═══ DATA TO EXAMINE ═══

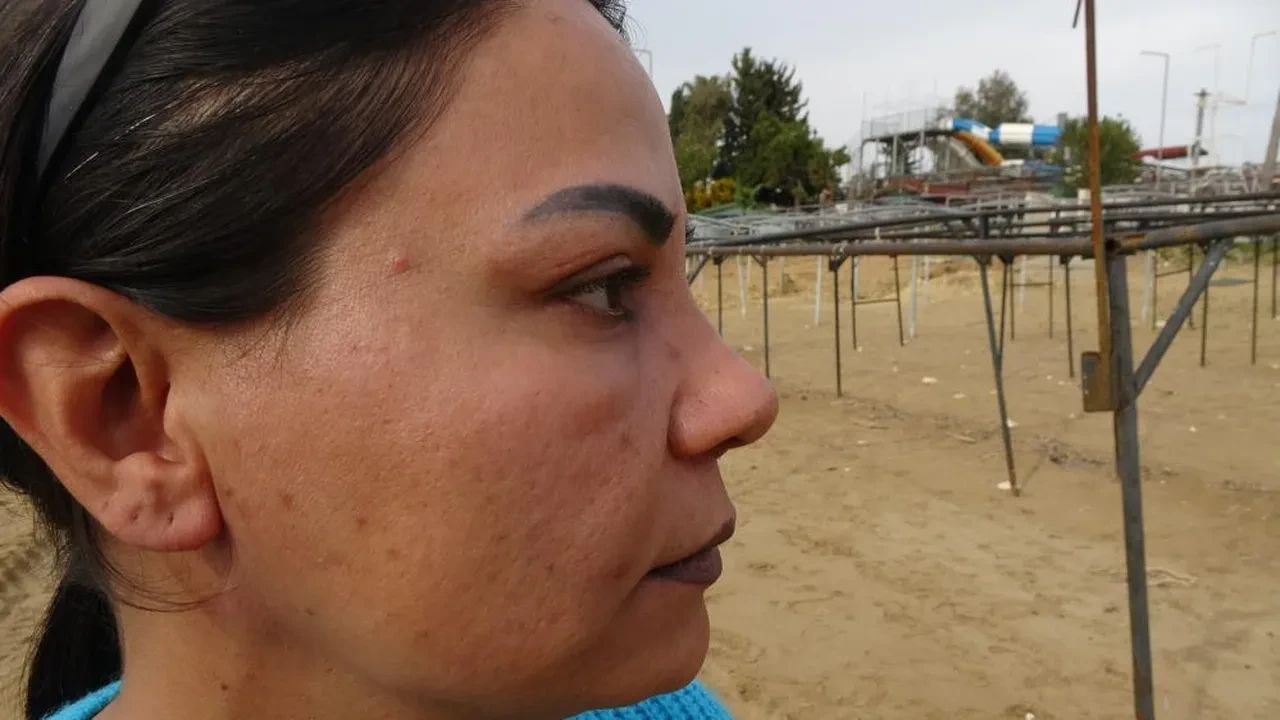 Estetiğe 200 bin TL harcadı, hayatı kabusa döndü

═══
═══ DATA TO EXAMINE ═══

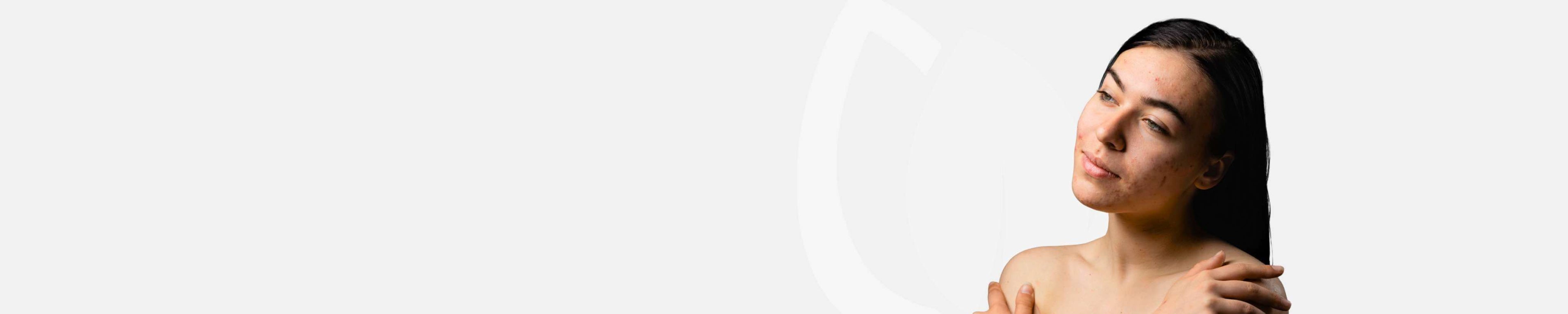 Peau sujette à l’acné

═══
═══ DATA TO EXAMINE ═══

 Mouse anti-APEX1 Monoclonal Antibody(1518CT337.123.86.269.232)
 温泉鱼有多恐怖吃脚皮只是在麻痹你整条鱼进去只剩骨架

═══

▶ **DESCRIPTION OF THE TASK**: Every line above from the line with "Mouse anti-APEX1 Monoclonal" to the line with "温泉鱼有多恐怖吃脚皮只是在麻痹你整条鱼进去只剩骨架", both included, must be reproduced exactly, and no other line may appear.

▶ **FINAL ANSWER**:
 Mouse anti-APEX1 Monoclonal Antibody(1518CT337.123.86.269.232)
 温泉鱼有多恐怖吃脚皮只是在麻痹你整条鱼进去只剩骨架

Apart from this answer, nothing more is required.